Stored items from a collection
▼

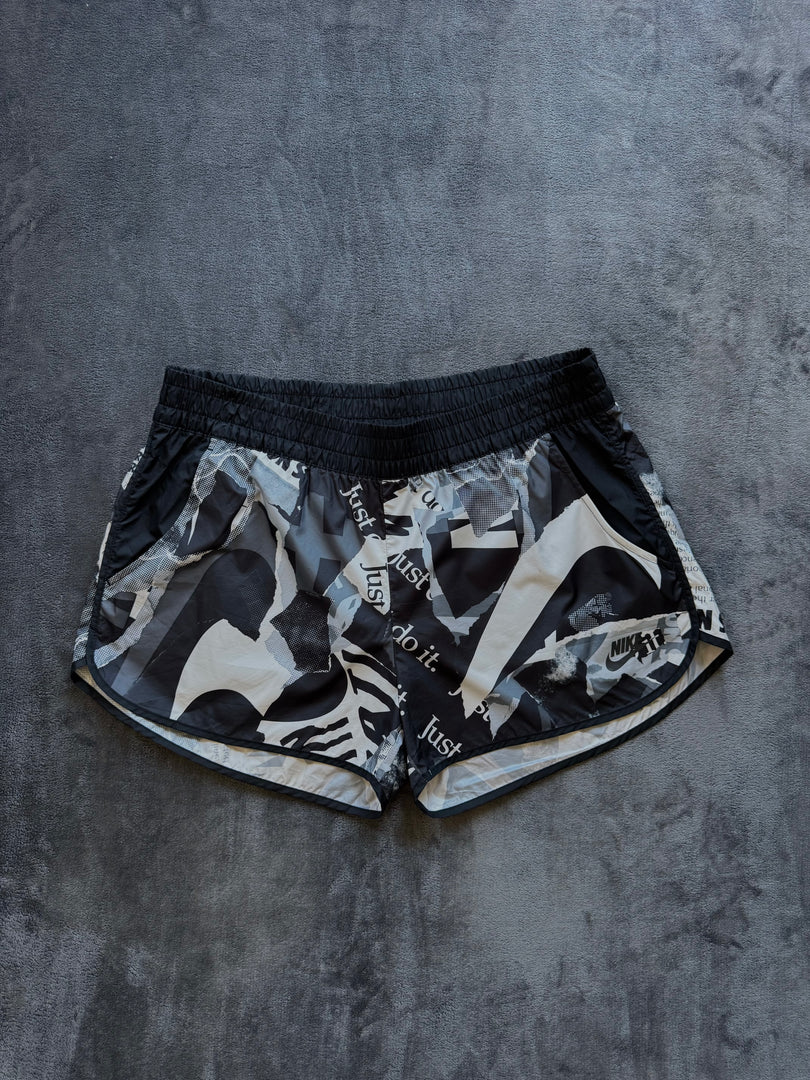 (ДАМСКО) (M) Nike Shorts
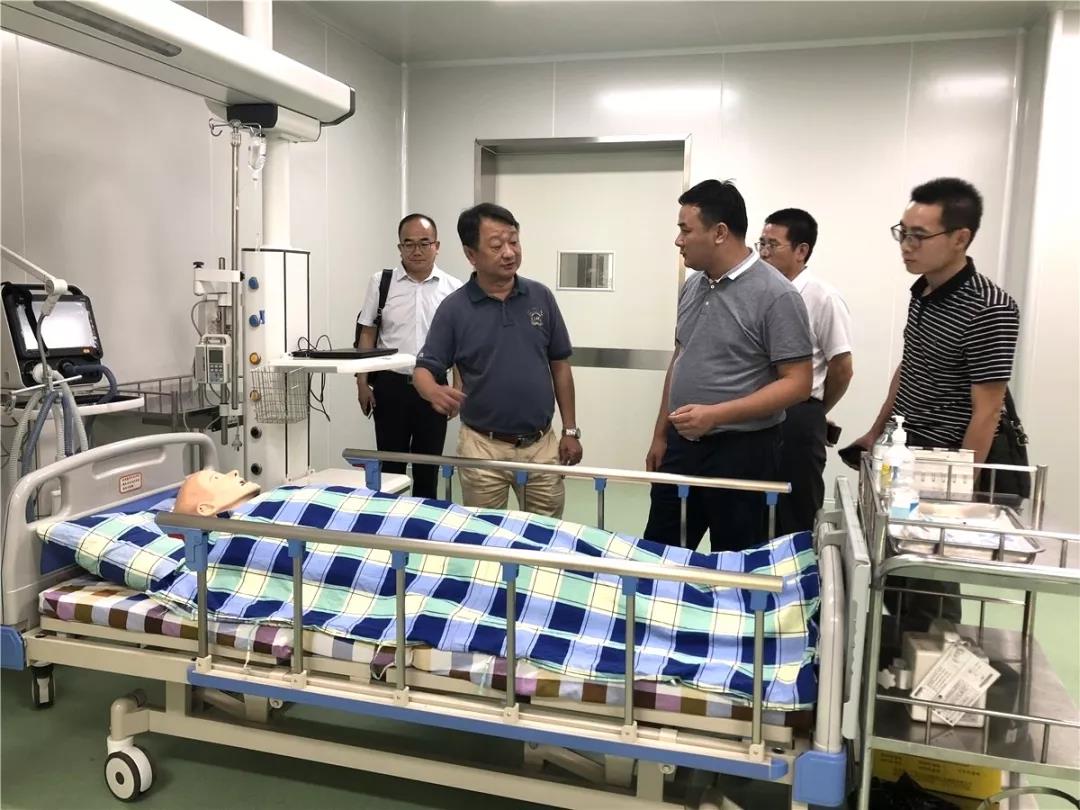會后，在學院周院長的帶領(lǐng)下，雙方共同參觀了學院實操室、大數(shù)據(jù)、模擬醫(yī)院等實訓(xùn)室。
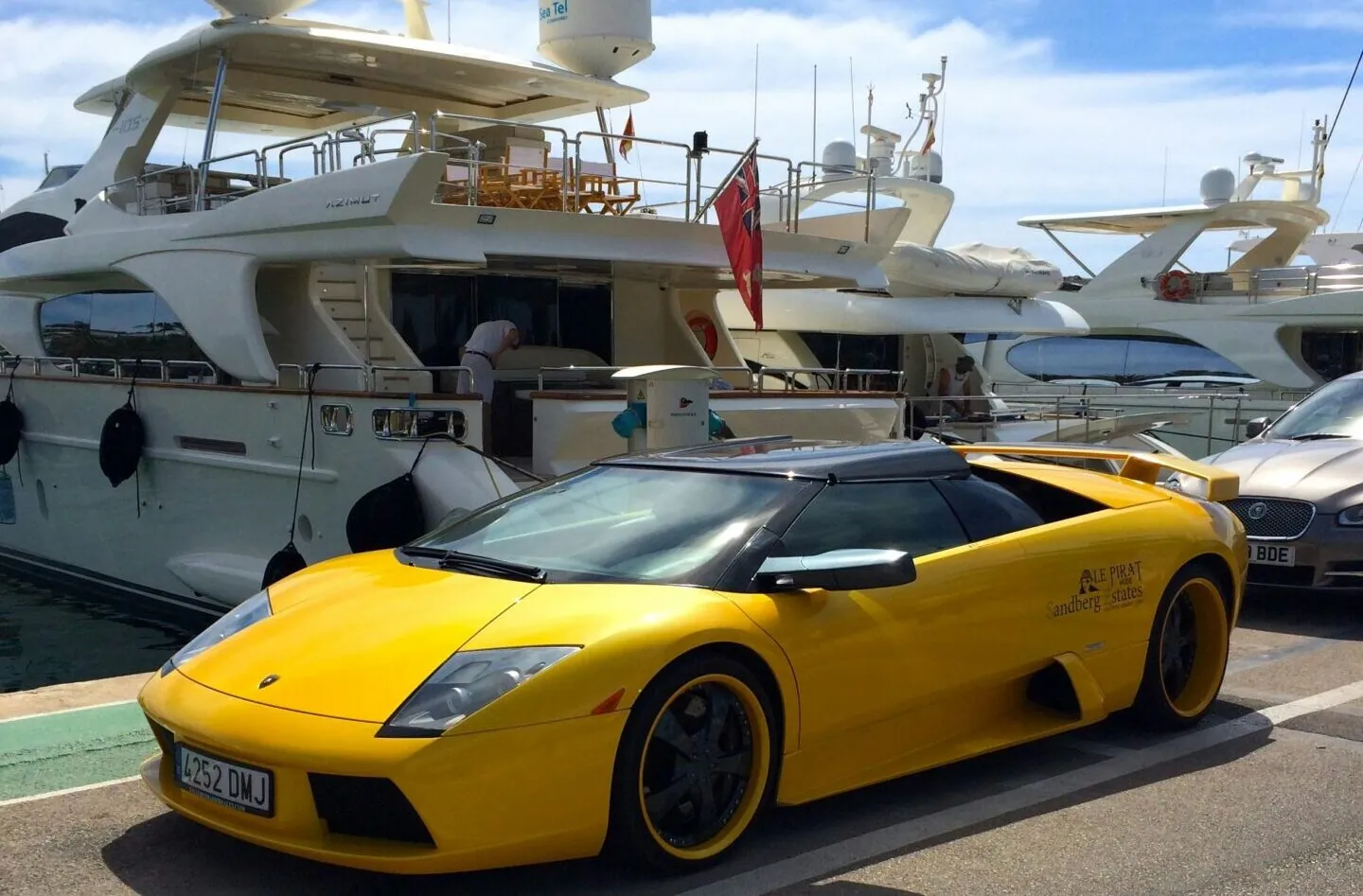 ultrariches-unsplash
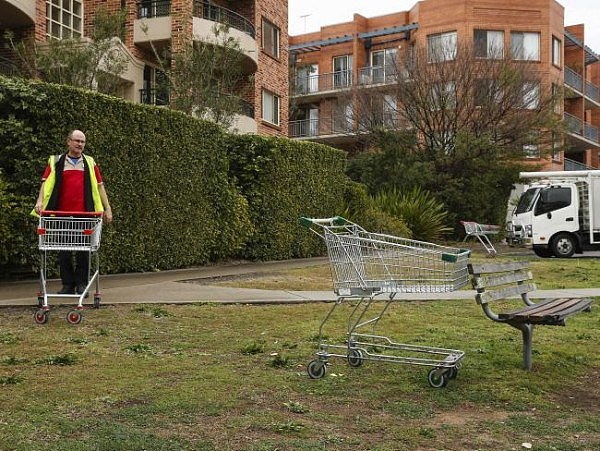 塑料袋收费就把手推车推回家！超市手推车成共享单车，散落悉尼城区无人管！（组图） - 1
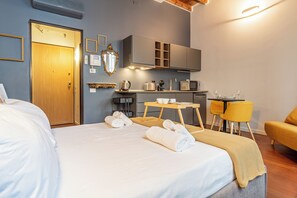 1 slaapkamer, een strijkplank/strijkijzer, gratis wifi, beddengoed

▲

PROBLEM DESCRIPTION: An exact copy of all the records, free of pictures, is the expected answer.

RESPONSE AREA:
 (ДАМСКО) (M) Nike Shorts
會后，在學院周院長的帶領(lǐng)下，雙方共同參觀了學院實操室、大數(shù)據(jù)、模擬醫(yī)院等實訓(xùn)室。
 ultrariches-unsplash
 塑料袋收费就把手推车推回家！超市手推车成共享单车，散落悉尼城区无人管！（组图） - 1
 1 slaapkamer, een strijkplank/strijkijzer, gratis wifi, beddengoed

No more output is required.